A measure must satisfy 2 conditions.

1. $\nu(\emptyset)=0$
2. $\nu(\bigcup_{i=1}^{\infty} A_i) = \sum_{i=1}^{\infty} \nu(A_i)$ with $A_i\in\mathcal{A}$ disjoint.

The first condition looks pretty easy. Since $f$ is measurable it can be described by a step function $f = \sum_{k=1}^{\infty} \alpha_k \mathcal{X}_{E_k}$ (with $\mathcal{X}$ being the indicator function and $\alpha_i$ being the function value in that point)

Furthermore, $\int_E f \, d\mu= \sum_{k=1}^{\infty} \alpha_k \mu(E)$ with $E\in \mathcal{A}$

$$\nu(\emptyset) = \int_\emptyset f\, d\mu=\sum_{k=1}^{\infty} \alpha_k \mu(\emptyset)=\sum_{k=1}^{\infty} \alpha_k * 0=0$$

So 1) seems true to me.

I've thought about the second condition too, but I'm not sure about it.

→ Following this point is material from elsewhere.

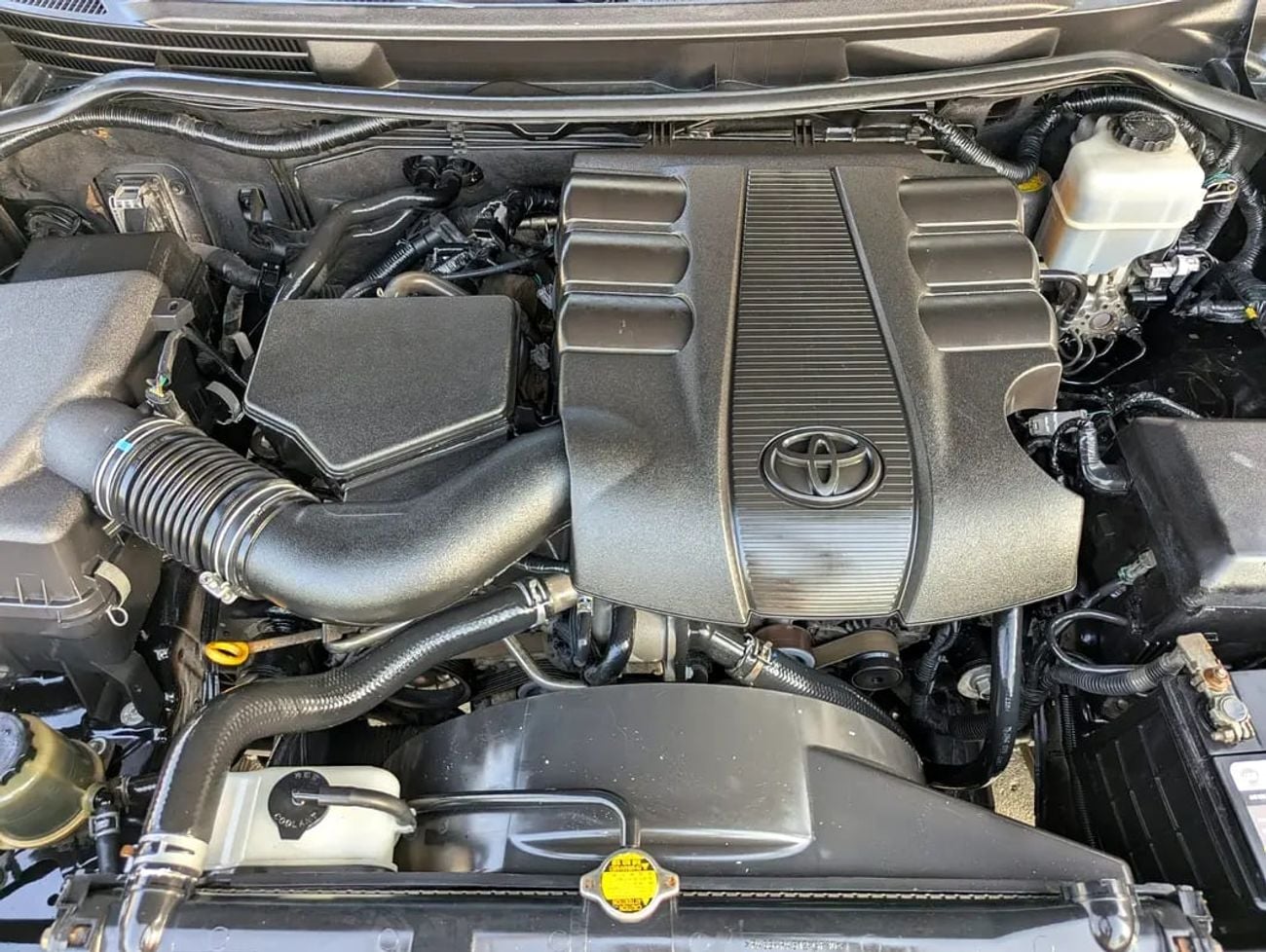 Toyota Land Cruiser GXR FACELIFTED FULL OPTION GXR V6 4.0L IN EXCELLENT CONDITION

$$\nu(\bigcup_{i=1}^{\infty}A_k)=\int_{\bigcup_{i=1}^{\infty}A_k} f\, d\mu = \sum_{k=1}^{\infty} \alpha_k \mu(\bigcup_{i=1}^{\infty}A_k)=\sum_{k=1}^{\infty} \alpha_k \sum_{i=1}^{\infty} \mu(A_i) $$ $$=\sum_{k=1}^{\infty} \sum_{i=1}^{\infty} \alpha_k\mu(A_i) =\sum_{k=1}^{\infty} \int_{A_i} f\,d\mu = \sum_{k=1}^{\infty} \nu(A_i) $$

So 2) must be true too and 1)+2) $\Rightarrow$ that $\nu$ is a measure on $\Omega$

Have I made a mistake? Hoping for helpful inputs, thanks in advance =)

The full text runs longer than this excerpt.